Programs that encourage landowners to conserve or manage their forests, and offer advice on forest certification and development of forest management plans, include the Farm Bill’s Conservation Reserve Program and Environmental Quality Incentives Program, and the U.S. Forest Service’s Forest Stewardship Program. Additionally, 13.4 million acres of private forest are owned and managed specifically for conservation purposes by The Nature Conservancy, Audubon chapters, and regional or local land trusts.

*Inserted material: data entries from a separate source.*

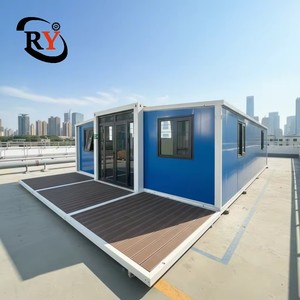 Conteneur Extensible Divisible pour Espaces Intérieurs : Classe Temporaire Scolaire sur Site - Product Image 1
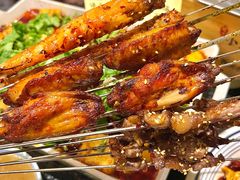 -福苗小骆驼烧烤(曲江店)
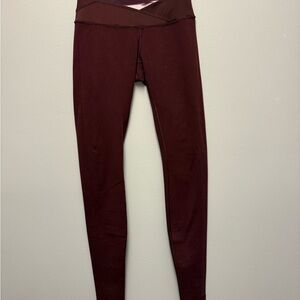 LULULEMON Wunder Under Pant III Leggings Full Luon  6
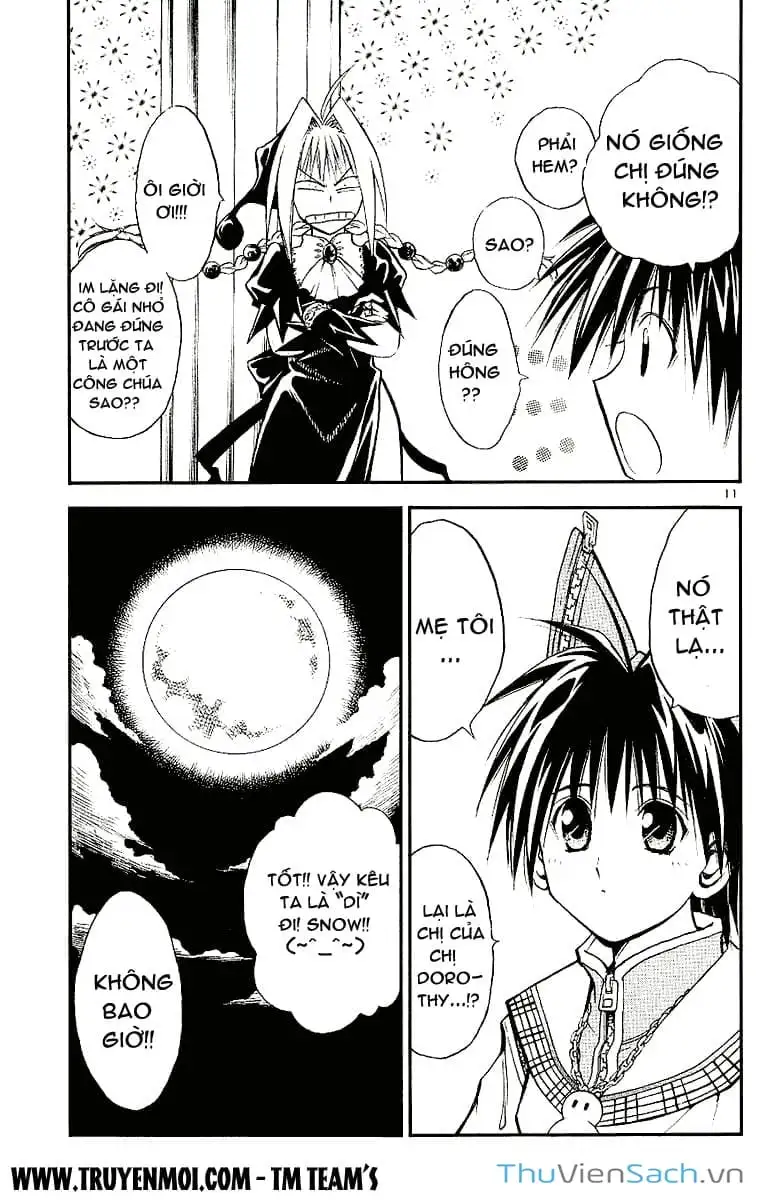 Truyện Tranh Mar trang 2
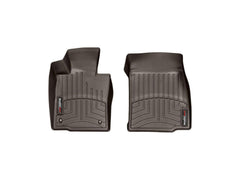WeatherTech 473551 Front FloorLiner Cocoa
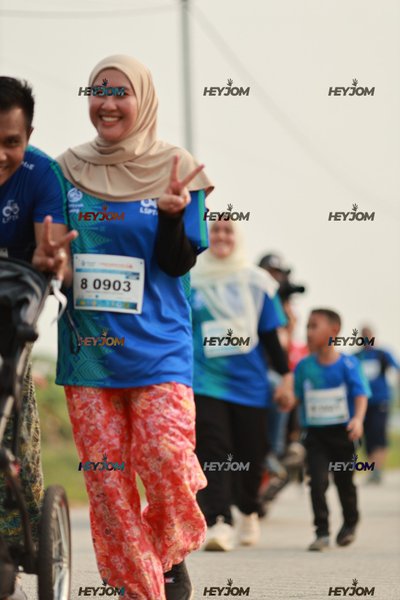 Wasiyyah Larian Sawah Padi Tanjong Karang 2026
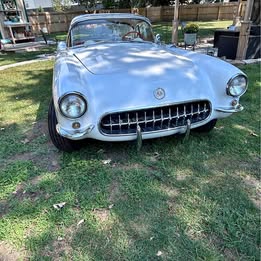 1957 Chevrolet Corvette
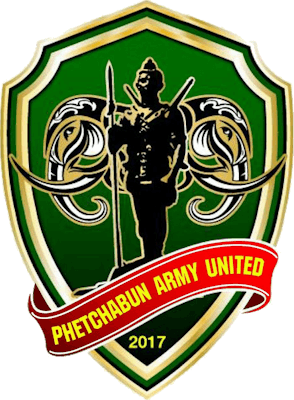 Hold Phetchabun United. Opstilling Football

Forest Ownership Across the U.S. 

Nearly 11 million private landowners are stewards of 468 million acres of U.S. forests, nearly all in the lower 48 states. Compared with publicly owned forests, private forests tend to be in smaller parcels, consist of more young forest (less than 20 years old), and are often embedded in fragmented agricultural or urban landscapes. Private ownership of forest varies greatly across regions, from 25% in the Rocky Mountains to 86% in the Southeast. Corporate timberlands are often large, contiguous blocks, especially in the northern hardwood forests of Maine, the Great Lakes states, and the Pacific Northwest, as well as in southeastern pine forests. These timberlands provide a mosaic of forest ages and structures often not present on public lands in the same regions. Corporate timberlands are largely protected from fragmentation and development, as long as they remain commercially viable.  

United States

Patterns of forest ownership across the U.S.
(from U.S. Forest Service General Technical
Report 2008).

Challenges for Bird Conservation on Private Forests

The single largest threat to private forests is increased parcelization, or the breaking up of blocks of forest land into smaller blocks, often for sale and development. Forests are being lost and fragmented due to depressed timber values and higher economic gains from residential development or agricultural expansion. Pressures to sell off land can result in new management objectives that do not include maintaining forest habitat. Strong timber markets help reduce this pressure. Conservation easements—between private landowners and federal, state, or non-profit conservation groups—also provide incentives to private forest owners, in exchange for agreements to continue to manage working forests and maintain contiguous forest blocks in perpetuity to benefit birds and other wildlife.

Because parcels of private forest are often small, and landscapes with many private forests can have multiple owners, a coordinated approach to controlling invasive species, fire management, or over-browsing by white-tailed deer is much more difficult than on large public lands. Corporate and family forest owners often must balance the needs of timber production, recreation, livestock grazing, and other economic benefits with those of wildlife or nature. Many programs are available to private owners of forest lands that provide incentives for conservation.